De heer Van Rooy heeft het woord.
Minister Demir, u hebt lang geantwoord, maar ik heb op veel van mijn vragen geen echt antwoord gekregen.
U hebt zelf blijkbaar ook nog geen antwoorden gekregen op de vragen die u hebt gesteld aan de VREG. U hebt wel een aantal keren herhaald – dat heb ik natuurlijk goed onthouden – dat de VREG eigenlijk doet waar de VREG zin in heeft en dat u daar als Vlaams minister van Energie geen impact op hebt, want de VREG is onafhankelijk en wij als parlementsleden kunnen meer doen dan u.
Wel, ik vind dat te gek voor woorden. Ik vind dat pure waanzin. Ik roep de meerderheidspartijen op om hier paal en perk aan te stellen en ervoor te zorgen dat de VREG niet langer een onafhankelijk instituut of een onafhankelijke energieregulator is, die zomaar kan doen wat hij wil.
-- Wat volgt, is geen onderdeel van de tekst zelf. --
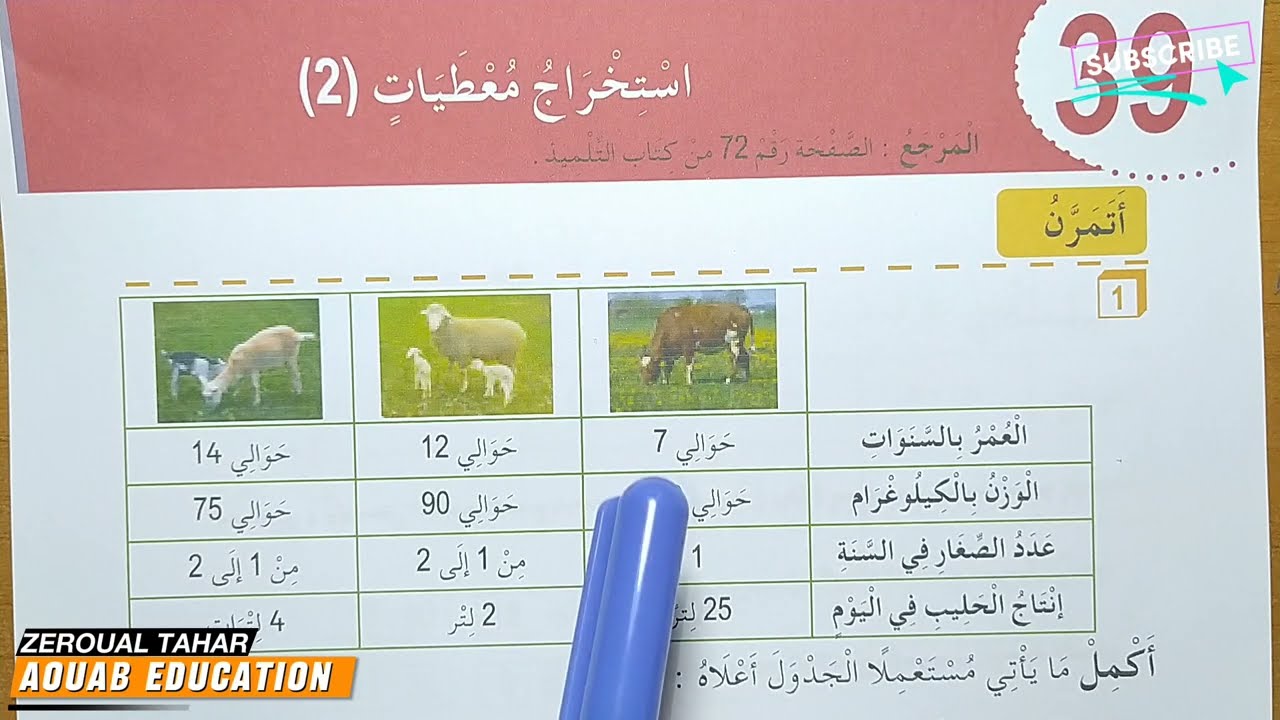 حلول الصفحة (46) كراس الأنشطة رياضيات ||استخراج معطيات 2|| الثانية ابتدائي2023/2024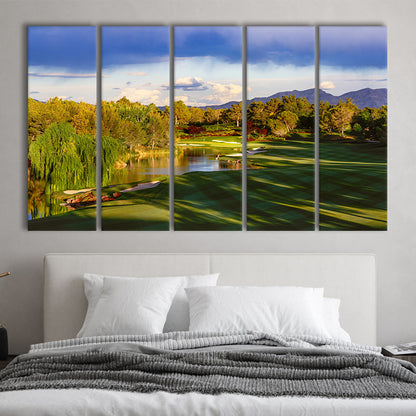 Shadow Creek Golf Club, Hole 04, North Las Vegas, Nevada, Golf Art Print, Extra Large Canvas Print Wall Art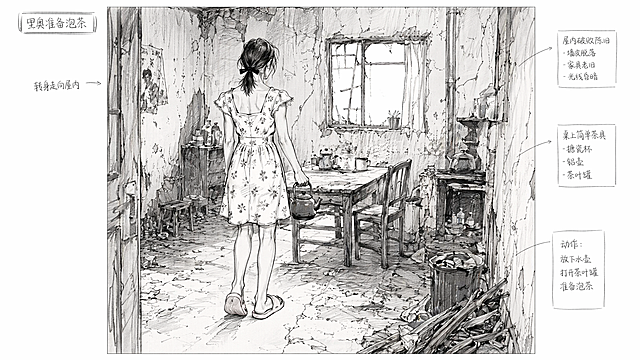 参考图中这个穿碎花连衣裙、扎马尾穿粉色拖鞋的女性角色，画她转身走向破败房屋内准备泡茶的场景，单张图，保持之前统一的黑白分镜手绘草稿风格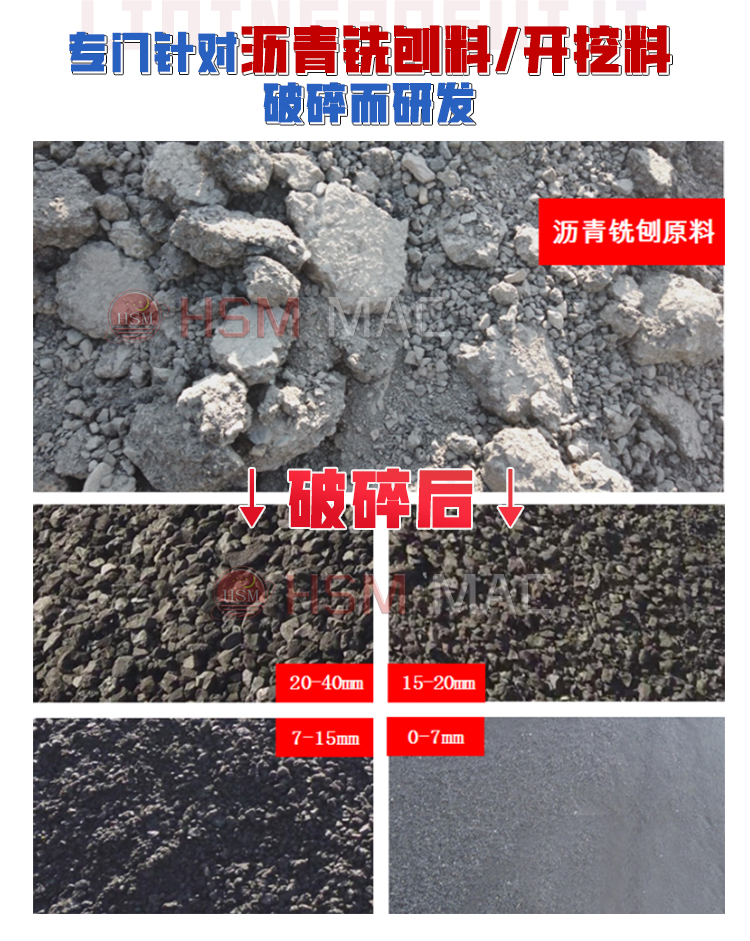 廢舊瀝(li)青(qing)再生料破碎機 銑(xian)鑤(bao)料破碎(sui)機(ji) 瀝青雙(shuang)齒輥破(po)碎(sui)機(ji)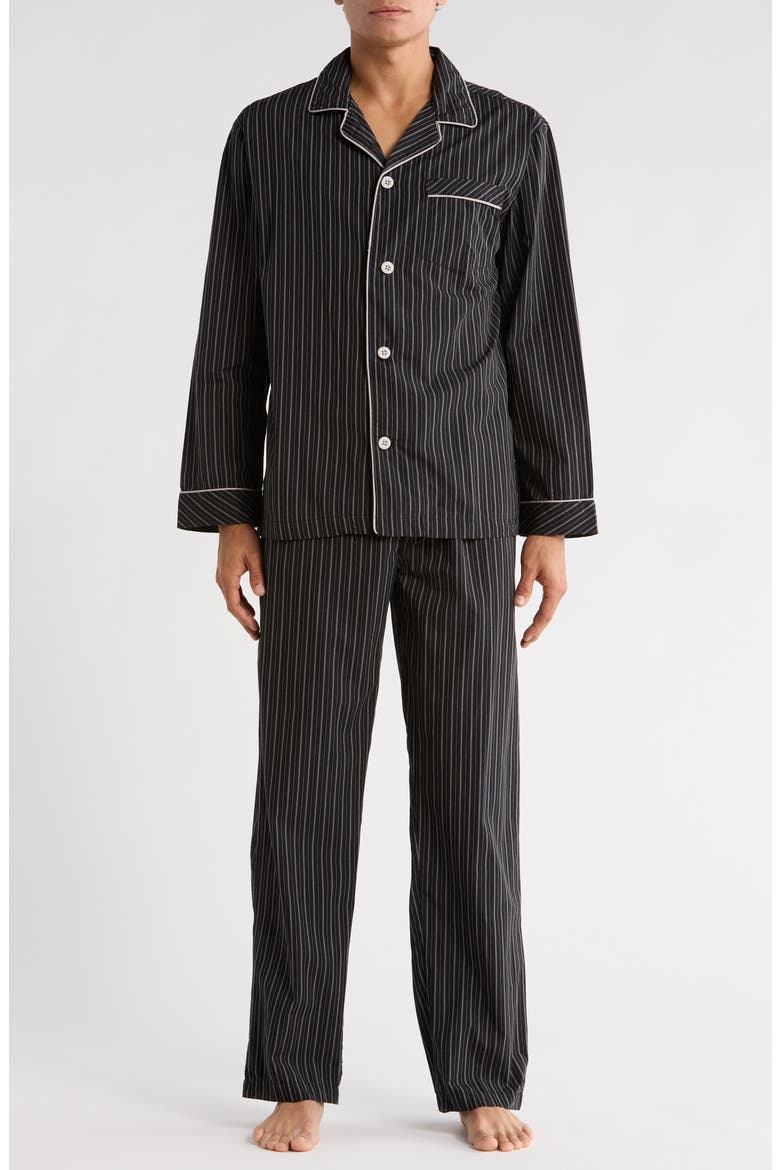 Stripe Cotton Poplin Pajamas, Main, color, BLACK
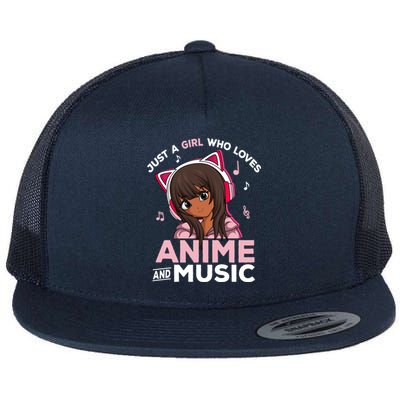 Just A Who Loves Anime And Music Black Anime Merch Meaningful Gift Flat Bill Trucker Hat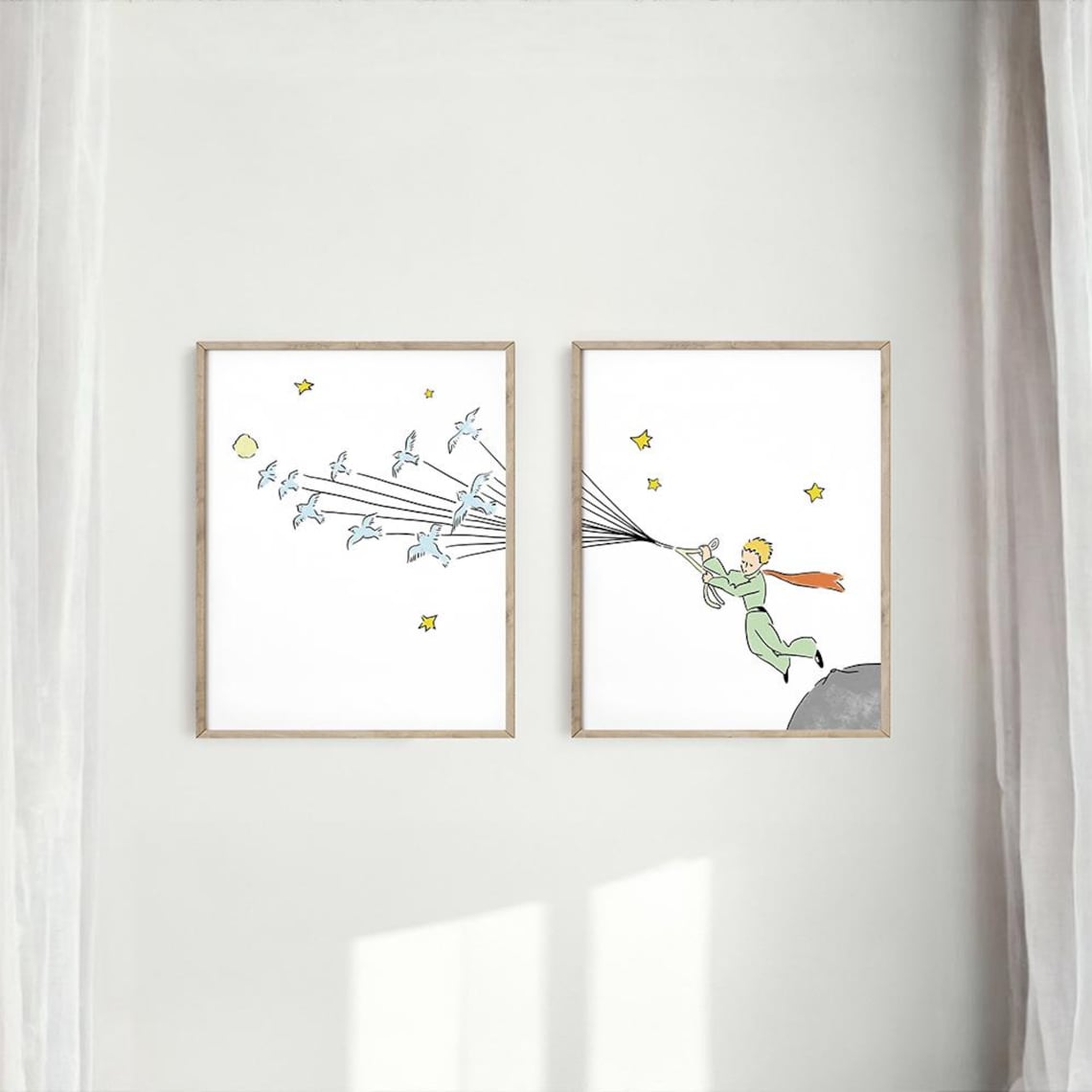 The Little Prince Nursery Art Print, Set of 2 Prints, the Little Prince ...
Dat klopt echter ook niet helemaal, want wat de VREG doet, is natuurlijk wel een gevolg van de beslissing van deze Vlaamse Regering – en zo komen we opnieuw bij de decreetwijziging die we zonet hebben besproken – om zich volledig in te schrijven in dat klimaatalarmisme, die Green Deal en die Europese Unie. Daarom moet natuurlijk heel de samenleving zo snel mogelijk geëlektrificeerd worden. Daar zijn de elektrische wagens het beste voorbeeld van. Dan is er de VREG die zegt: ja maar, als dat gebeurt, dan kan ons elektriciteitsnet dat niet meer aan, want dat is daar niet op voorzien. Daarom komen we met een nieuw capaciteitstarief dat natuurlijk als enige doel heeft om meer geld in de zakken te krijgen om die elektriciteitsvoorzieningen en die netwerken klaar te maken voor die elektrificatie. Dat is een heel perverse situatie.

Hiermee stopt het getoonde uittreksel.